【前回の記事を読む】【小説】「生きているということは、いいもんでござんすよ」

坊の入り江

勢戸屋は坊の岬沖で抜け荷の荷を瀬取りし、坊の入り江の南端の断崖に沿って蕪木川の河口に向かい、さらに、川を遡って陸揚げしていた。

吹の村人は、坊の岬の先からどこからともなく帆をはった小舟が現れて、入り江の中央に連なる岩礁の陰を、蕪木川の河口に向かって上っていくのを幾度となく見ていた。舟が見えるのは潮が止まったときか、上げ潮のときである。ただ、帆かけ舟が漁の邪魔になることはなかったので、村人はべつに気に留めることもなかった。

ましてや、蕪木川が入り江に流れこむところは灌木と芦原で覆われた荒れ地で、小舟がそこにさしかかると、その先はすぐに見えなくなるので、なおさらのことだった。

人が立ち入らない蕪木川下流域は湿地帯で広く、その上流は脇坂家老の知行地と繋がるのを利用して、勢戸屋がそこに一時保管場所をつくった。人に知られずに抜け荷の荷を運び入れるのには最も適している場所だったのだ。

吉三が坊の入り江での抜け荷のことを調べられなかったのは、冬の間は海が荒れていて抜け荷は休止だったことによるのと、坊の入り江の荒れ具合を知っていたから、まさかという思いがあったことは否めない。それでも、坊の入り江の抜け荷にもう少しで気づくところまでいったのだが、そこに異国船の海難事故が起き、勢戸屋が抜け荷を中断してしまったことが大きい。

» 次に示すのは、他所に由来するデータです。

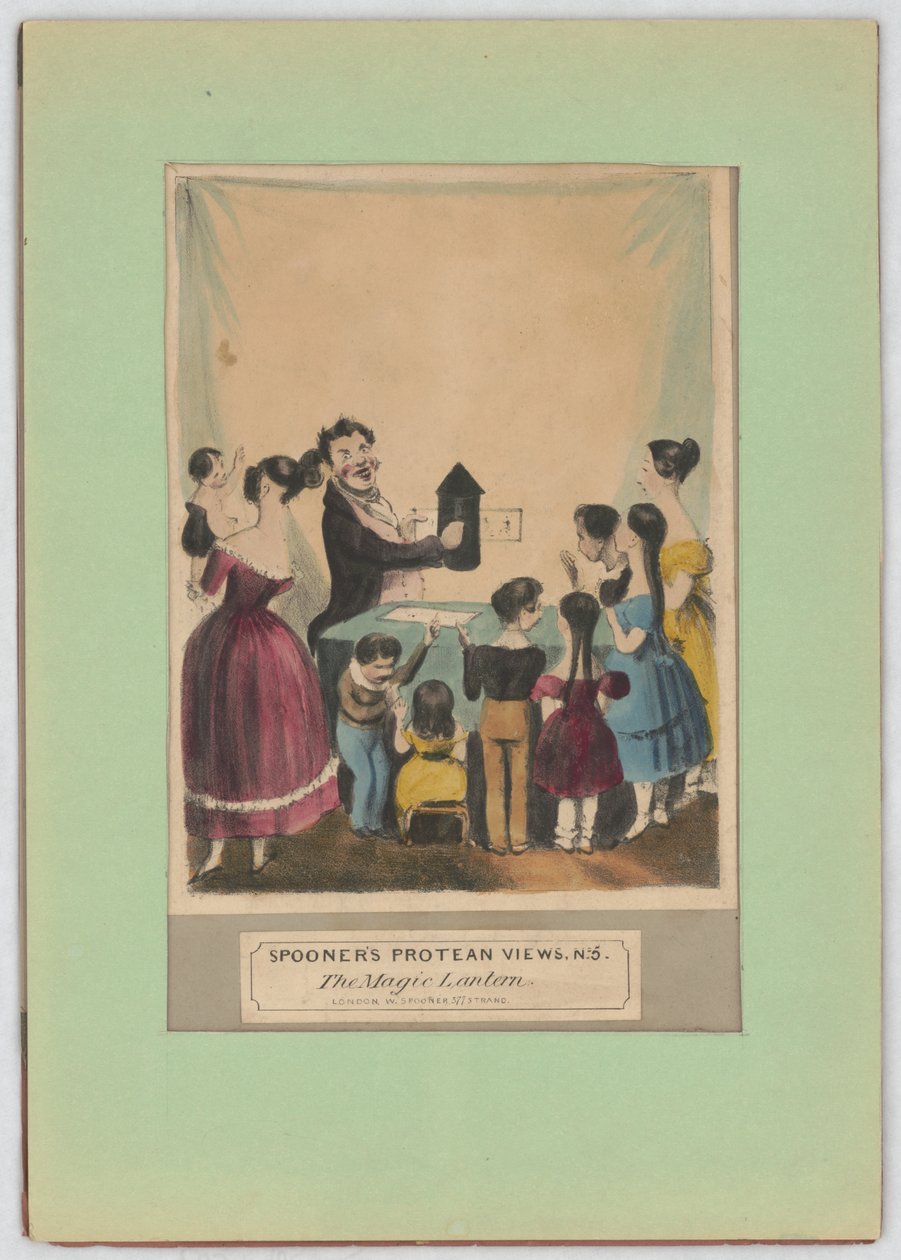 Spooners proteansyn, nei. 5. Den magiske lykten, ca. 1838 (håndfarget litho) av William Spooner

しかしながら、疑惑が消えたわけではなく、続けて勢戸屋を調べたことでわかってきたことは、勢戸屋が頻繁に次席家老の脇坂兵頭の屋敷に出入りしていて、かなり親密らしいことであった。

坊の入り江は人が近づかない場所であったが、入り江の北岸の奥まったところに吹とよばれる半農半漁で生活している二十戸ほどの村があった。

吹に行くには、坊の入り江の北岸の突端の鷲の嘴を回るか、疾川沿いの道を上流に向かい、滝壺に行きつく手前を右に折れ、道とも言えない山間の道を登って下って、坊の入り江の北岸に出るかである。

そこは三の窪と呼ばれる砂浜の窪地に繋がり、吹の村はそこからさらに東の、入り江の奥まったところにあった。やはり広い砂浜が続く窪地で、一の窪と呼ばれているところである。

鷲の嘴は干潮時にならないと岩場が現れないので、吉三と重太郎は疾川沿いの道をさかのぼり、三の窪から吹の村に入った。吉三は村長の友左衛門に事情を話し、一晩世話になることになった。

「御苦労様なことでございます」

春になったとはいえ、夜はまだ寒い。囲炉裏の火を絶やさないようにしながら、友左衛門はめったに来ない客を歓待するために、自分でつくった芋を発酵させた飲み物を勧めた。いまみたいに蒸留してないからすっきりとした味というわけにはいかないが、吉三は喜んでお相伴にあずかった。重太郎はまだ酒の味はわからなかったから遠慮した。